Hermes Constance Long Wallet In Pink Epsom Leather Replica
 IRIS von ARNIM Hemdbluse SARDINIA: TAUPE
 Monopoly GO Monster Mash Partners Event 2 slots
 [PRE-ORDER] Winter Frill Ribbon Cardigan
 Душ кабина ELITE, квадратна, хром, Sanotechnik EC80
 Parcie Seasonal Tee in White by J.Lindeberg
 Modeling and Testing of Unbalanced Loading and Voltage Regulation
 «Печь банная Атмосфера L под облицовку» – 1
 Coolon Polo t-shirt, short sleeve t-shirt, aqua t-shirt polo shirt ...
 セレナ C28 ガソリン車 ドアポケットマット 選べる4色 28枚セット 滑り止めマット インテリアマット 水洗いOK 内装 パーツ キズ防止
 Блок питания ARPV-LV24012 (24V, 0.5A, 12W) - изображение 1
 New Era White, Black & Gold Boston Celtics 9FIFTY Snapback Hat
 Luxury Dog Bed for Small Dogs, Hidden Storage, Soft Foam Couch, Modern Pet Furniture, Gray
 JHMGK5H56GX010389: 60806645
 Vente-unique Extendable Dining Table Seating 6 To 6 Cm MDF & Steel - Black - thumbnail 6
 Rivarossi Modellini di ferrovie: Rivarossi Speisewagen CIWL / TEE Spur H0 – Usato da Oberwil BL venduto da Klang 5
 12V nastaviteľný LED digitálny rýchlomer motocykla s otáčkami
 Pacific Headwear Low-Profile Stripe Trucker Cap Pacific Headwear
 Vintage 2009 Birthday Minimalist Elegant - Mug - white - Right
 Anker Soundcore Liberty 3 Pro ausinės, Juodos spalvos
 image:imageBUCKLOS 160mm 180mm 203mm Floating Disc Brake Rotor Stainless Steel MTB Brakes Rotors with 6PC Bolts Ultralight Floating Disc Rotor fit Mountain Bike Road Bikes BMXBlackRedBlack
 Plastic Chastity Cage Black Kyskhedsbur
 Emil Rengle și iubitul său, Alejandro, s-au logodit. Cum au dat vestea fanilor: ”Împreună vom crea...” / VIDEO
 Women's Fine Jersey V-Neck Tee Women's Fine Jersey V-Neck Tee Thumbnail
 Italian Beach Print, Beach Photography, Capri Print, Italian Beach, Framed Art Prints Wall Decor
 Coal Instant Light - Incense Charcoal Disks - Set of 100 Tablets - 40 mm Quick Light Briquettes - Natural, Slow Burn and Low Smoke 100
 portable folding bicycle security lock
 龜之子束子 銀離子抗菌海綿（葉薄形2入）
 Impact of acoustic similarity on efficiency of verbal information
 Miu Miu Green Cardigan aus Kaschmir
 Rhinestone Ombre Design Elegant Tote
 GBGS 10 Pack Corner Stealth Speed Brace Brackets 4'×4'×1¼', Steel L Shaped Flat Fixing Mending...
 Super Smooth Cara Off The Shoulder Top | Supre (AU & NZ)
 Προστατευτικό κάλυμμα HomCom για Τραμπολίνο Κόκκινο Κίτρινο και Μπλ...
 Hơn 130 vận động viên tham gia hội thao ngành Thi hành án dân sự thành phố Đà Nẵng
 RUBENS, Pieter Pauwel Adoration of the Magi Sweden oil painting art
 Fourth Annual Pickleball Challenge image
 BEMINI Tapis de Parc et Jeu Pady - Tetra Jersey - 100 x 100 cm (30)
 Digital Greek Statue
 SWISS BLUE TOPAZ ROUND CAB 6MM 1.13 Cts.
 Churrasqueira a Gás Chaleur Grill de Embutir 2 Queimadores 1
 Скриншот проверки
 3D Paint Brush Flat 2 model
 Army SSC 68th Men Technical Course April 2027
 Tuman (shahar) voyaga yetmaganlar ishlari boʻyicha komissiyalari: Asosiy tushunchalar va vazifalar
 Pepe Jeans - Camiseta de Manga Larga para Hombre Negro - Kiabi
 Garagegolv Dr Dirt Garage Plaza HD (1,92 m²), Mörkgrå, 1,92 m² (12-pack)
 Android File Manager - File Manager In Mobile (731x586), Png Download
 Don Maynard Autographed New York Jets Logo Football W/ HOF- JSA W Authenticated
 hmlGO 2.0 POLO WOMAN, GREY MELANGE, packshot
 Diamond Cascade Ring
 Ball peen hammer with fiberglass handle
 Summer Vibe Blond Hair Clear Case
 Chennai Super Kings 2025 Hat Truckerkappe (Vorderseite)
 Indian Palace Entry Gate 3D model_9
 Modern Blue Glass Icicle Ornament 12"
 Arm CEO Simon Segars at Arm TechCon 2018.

----

About this exercise - Down to the last line, reproduce the entries above precisely.

Response area -
Hermes Constance Long Wallet In Pink Epsom Leather Replica
 IRIS von ARNIM Hemdbluse SARDINIA: TAUPE
 Monopoly GO Monster Mash Partners Event 2 slots
 [PRE-ORDER] Winter Frill Ribbon Cardigan
 Душ кабина ELITE, квадратна, хром, Sanotechnik EC80
 Parcie Seasonal Tee in White by J.Lindeberg
 Modeling and Testing of Unbalanced Loading and Voltage Regulation
 «Печь банная Атмосфера L под облицовку» – 1
 Coolon Polo t-shirt, short sleeve t-shirt, aqua t-shirt polo shirt ...
 セレナ C28 ガソリン車 ドアポケットマット 選べる4色 28枚セット 滑り止めマット インテリアマット 水洗いOK 内装 パーツ キズ防止
 Блок питания ARPV-LV24012 (24V, 0.5A, 12W) - изображение 1
 New Era White, Black & Gold Boston Celtics 9FIFTY Snapback Hat
 Luxury Dog Bed for Small Dogs, Hidden Storage, Soft Foam Couch, Modern Pet Furniture, Gray
 JHMGK5H56GX010389: 60806645
 Vente-unique Extendable Dining Table Seating 6 To 6 Cm MDF & Steel - Black - thumbnail 6
 Rivarossi Modellini di ferrovie: Rivarossi Speisewagen CIWL / TEE Spur H0 – Usato da Oberwil BL venduto da Klang 5
 12V nastaviteľný LED digitálny rýchlomer motocykla s otáčkami
 Pacific Headwear Low-Profile Stripe Trucker Cap Pacific Headwear
 Vintage 2009 Birthday Minimalist Elegant - Mug - white - Right
 Anker Soundcore Liberty 3 Pro ausinės, Juodos spalvos
 image:imageBUCKLOS 160mm 180mm 203mm Floating Disc Brake Rotor Stainless Steel MTB Brakes Rotors with 6PC Bolts Ultralight Floating Disc Rotor fit Mountain Bike Road Bikes BMXBlackRedBlack
 Plastic Chastity Cage Black Kyskhedsbur
 Emil Rengle și iubitul său, Alejandro, s-au logodit. Cum au dat vestea fanilor: ”Împreună vom crea...” / VIDEO
 Women's Fine Jersey V-Neck Tee Women's Fine Jersey V-Neck Tee Thumbnail
 Italian Beach Print, Beach Photography, Capri Print, Italian Beach, Framed Art Prints Wall Decor
 Coal Instant Light - Incense Charcoal Disks - Set of 100 Tablets - 40 mm Quick Light Briquettes - Natural, Slow Burn and Low Smoke 100
 portable folding bicycle security lock
 龜之子束子 銀離子抗菌海綿（葉薄形2入）
 Impact of acoustic similarity on efficiency of verbal information
 Miu Miu Green Cardigan aus Kaschmir
 Rhinestone Ombre Design Elegant Tote
 GBGS 10 Pack Corner Stealth Speed Brace Brackets 4'×4'×1¼', Steel L Shaped Flat Fixing Mending...
 Super Smooth Cara Off The Shoulder Top | Supre (AU & NZ)
 Προστατευτικό κάλυμμα HomCom για Τραμπολίνο Κόκκινο Κίτρινο και Μπλ...
 Hơn 130 vận động viên tham gia hội thao ngành Thi hành án dân sự thành phố Đà Nẵng
 RUBENS, Pieter Pauwel Adoration of the Magi Sweden oil painting art
 Fourth Annual Pickleball Challenge image
 BEMINI Tapis de Parc et Jeu Pady - Tetra Jersey - 100 x 100 cm (30)
 Digital Greek Statue
 SWISS BLUE TOPAZ ROUND CAB 6MM 1.13 Cts.
 Churrasqueira a Gás Chaleur Grill de Embutir 2 Queimadores 1
 Скриншот проверки
 3D Paint Brush Flat 2 model
 Army SSC 68th Men Technical Course April 2027
 Tuman (shahar) voyaga yetmaganlar ishlari boʻyicha komissiyalari: Asosiy tushunchalar va vazifalar
 Pepe Jeans - Camiseta de Manga Larga para Hombre Negro - Kiabi
 Garagegolv Dr Dirt Garage Plaza HD (1,92 m²), Mörkgrå, 1,92 m² (12-pack)
 Android File Manager - File Manager In Mobile (731x586), Png Download
 Don Maynard Autographed New York Jets Logo Football W/ HOF- JSA W Authenticated
 hmlGO 2.0 POLO WOMAN, GREY MELANGE, packshot
 Diamond Cascade Ring
 Ball peen hammer with fiberglass handle
 Summer Vibe Blond Hair Clear Case
 Chennai Super Kings 2025 Hat Truckerkappe (Vorderseite)
 Indian Palace Entry Gate 3D model_9
 Modern Blue Glass Icicle Ornament 12"
 Arm CEO Simon Segars at Arm TechCon 2018.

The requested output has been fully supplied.